McCarthy also said that officials within commissions are beginning to learn some startling truths about the link between brain trauma and weight cutting.

"As a referee I don’t train fighting like I used to, I train understanding people and knowledge of what occurs," he said. "And one of the things that we’re getting into, with traumatic brain injuries and all these different things -- CTE, which is occurring -- and we’re learning a lot.

"One of the things that we’re learning is, we don’t get a lot of heavy fighters, fighters that don’t cut weight, having traumatic brain injuries. But we do have a lot of lighter fighters who cut a lot of weight. They’re the ones that end up being our problem. And a lot of it we’re learning is because of dehydration and them cutting weight. They lose water, they try and replenish the water, they try to replenish the electrolytes in their body. Everything in our body is made of water basically. And when it drains it doesn’t come back in the same form and function that it was before you drained it. It takes time. And the weight-cutting and the weigh-in process and everything is one of the things that I look at that’s going to be a huge factor in what’s going to happen in the future. I think athletic commissions starting to change it."

McCarthy noted some of the steps that have been taken over the years to increase fighter safety, going back to 1982 when the tragic boxing bout between Ray Mancini and Duk-Koo Kim took place.

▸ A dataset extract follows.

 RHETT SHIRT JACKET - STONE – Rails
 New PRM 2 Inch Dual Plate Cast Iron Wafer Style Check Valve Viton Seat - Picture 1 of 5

"That was back in Las Vegas at Caesars Palace, and when they fought that was the same-day weigh-in," he said. "And so [after Kim died] they took away the 15 rounds, they went to 12, and they decided we’re going to do a day before weigh-ins to try and let them hydrate and stuff. But now we have people trying to cut even more weight because of it, and so there’s going to be some studies done on it that says, how is it that we can help the fighters be safe.

"And that’s really the athletic commission’s job, is to help with the safety of this. Because what the fighters are doing, and what Renan Barao’s doing, it’s unhealthy for him. It’s not only unhealthy on the night of the fight, it’s unhealthy for him later on. There’s things that occur -- kidney failure, all these different things -- that they don’t think about, that are possible based upon you depleting your body the way you are.

Asked what he thought of dual weigh-ins, as some states like North Carolina practice where a fighter weighs in once the day before, and then again the day after to make sure they don’t add too much weight, McCarthy said that ideology might be on the right track. One way or another, weight cutting is a problem that needs to be examined more closely.

"It’s not a bad idea," he said. "Like what they’re doing in amateur wrestling with hydrostatic testing as far as testing people when they’re regular and saying, ‘ok, here’s the least I’ll allow you to weigh for a fight.’ And telling them, ‘go ahead, you can probably cut more weight than that, but we’re not going to allow it. We’re not going to allow you to fight.’ And putting fighters into brackets. Letting them go in, if they want to have a certain time when they can go to a doctor and have hydrostatic redone to you, they change the actual composition of their body, and they could actually be a lighter fighter at this point, fine, let them do it the right way.

"But we’ve got to put a handle on not allowing people to freelance this in a fashion where it can absolutely affect their health and safety, both in that night of the fight, and in life."